In a self-portrait, whether visual or literary, the subject traditionally asks himself about this self with which he is supposed identify, either by seeking to represent himself for a moment outside this all-too-often misunderstood body that serves nonetheless as his interface in the world, or by trying to follow in an as coherent a narrative as possible the history that would be his own, such as his memory can bring it to mind. But too often indeed this self-portrait surprises or betrays the subject himself - for it is in any case a reconstruction and a representation, more or less coherent, more or less true. With Freud at the turn of the last century, psychoanalysis strove to know, and at the same time to make the subject recognize and accept, the other self which is the id, that is, the unconscious. But what of our "exterior" unconscious, so to speak, namely, those traces that we leave in the world through our actions and exchanges with others and which also serve to construct our identity? Do we not then have a third memory?

Ever since the proliferation of personal computers in our lives, our physical and psychological memory has been aided, and sometime substituted, by a virtual memory that accumulates for us, often without our knowing it, data concerning us and resulting from our actions and exchanges. Constituting the imaginative world of another self, the reality of another unconscious and another personal history that are yet also ours, this virtual memory also constitutes a portrait of who we are. It's traces are no longer found in the body, but somewhere else, in a non-place, at once tangible (in hardware circuitry) and virtual (in the form of digital data), to the point where notions we have not only of the brain and memory, but of the body and of identity as well, borrow henceforth their metaphors from the world of computers. The computer comes to play a third term, both as interface and as filter between us and the world, at once as substitute for the body (with avatars, for example) and as substitute for memory. In addition, with the advent of the Internet and the interconnection of these virtual memories, something like a collective unconscious gradually emerges, a sort of non-place whose centre is everywhere and nowhere, where data concerning each of us is accessible to all, without our always knowing to what extent. It thus becomes possible for a third party to draw our portrait, outside of us, a portrait that is not only exterior, like the painted or photographic portrait, for instance, but often a very intimate and private portrait that eschews us.

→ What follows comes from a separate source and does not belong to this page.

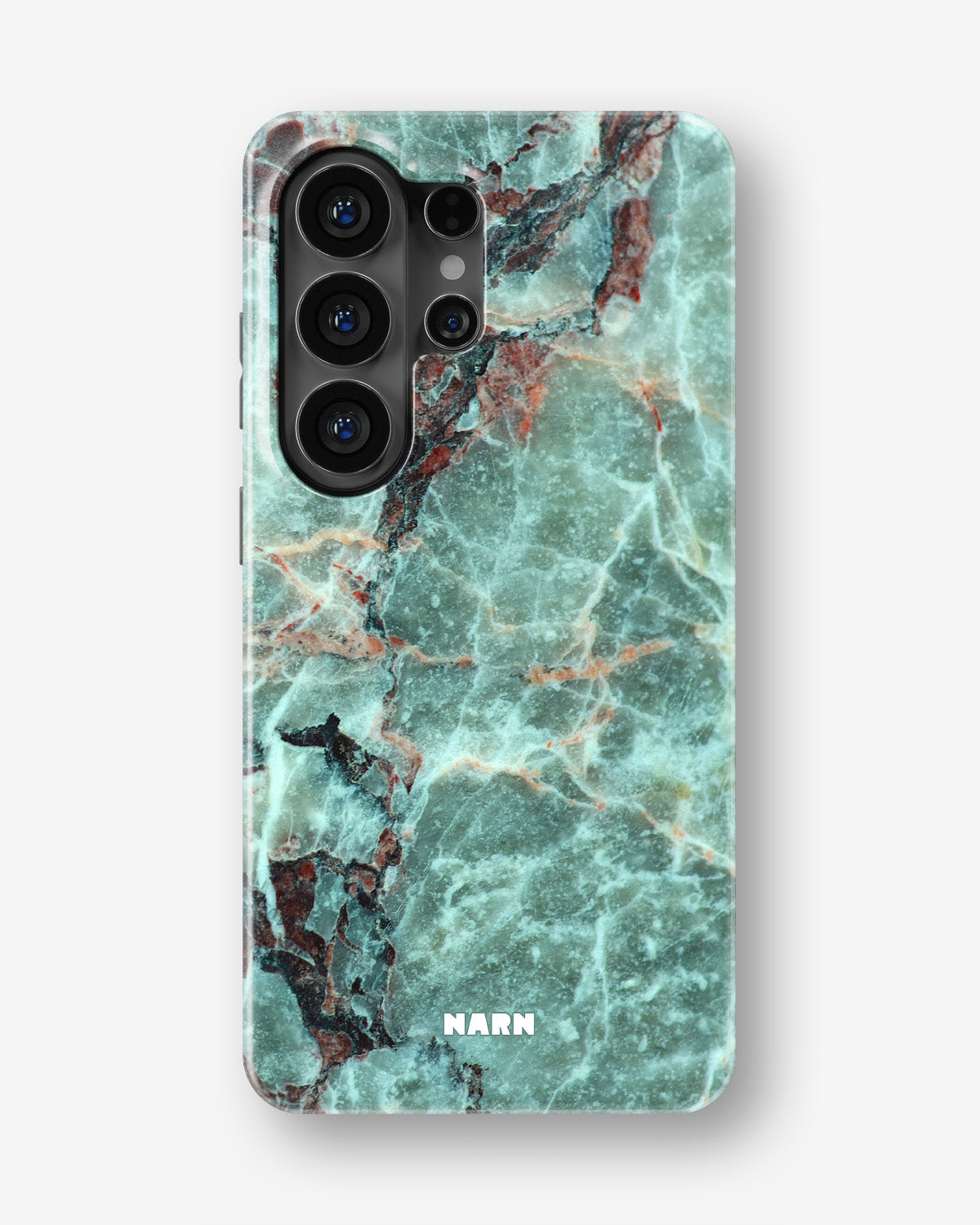Samsung Galaxy S26 Ultra Tough Case – Green Marble - View 1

It is this paradoxical image of ourselves, at once private and public, that Singer attempts in some sense to reclaim and re-appropriate. On the one hand, she willingly and consciously makes available a large part of the data concerning her, like her e-mails, her geographic, economic, and even atmospheric situation, a webcam showing her at work, the sites visited, etc.; on the other, she searches the Net for information gathered about her by third parties (like the FBI, for instance, or polling companies), more or less without her knowledge, and makes this information available in her work. The visitor chooses among the topics provided and the "self-portrait" comes into shape on its own, stacking up layers, fragments of phrases, and images to visually represent the complex, yet always unique and instantaneous image of an on-line identity, moving, changing, impermanent - cleared, in fact, of the illusion of permanence and unity typical of the classical conception of the subject (Descartes and Kant) that psychoanalysis was the first to question. This "self-portrait" certainly speaks to us of Brooke Singer and represents her, but never entirely. What one learns from such an experience is that a portrait can never be complete, and identity is indeed an intersubjective construction.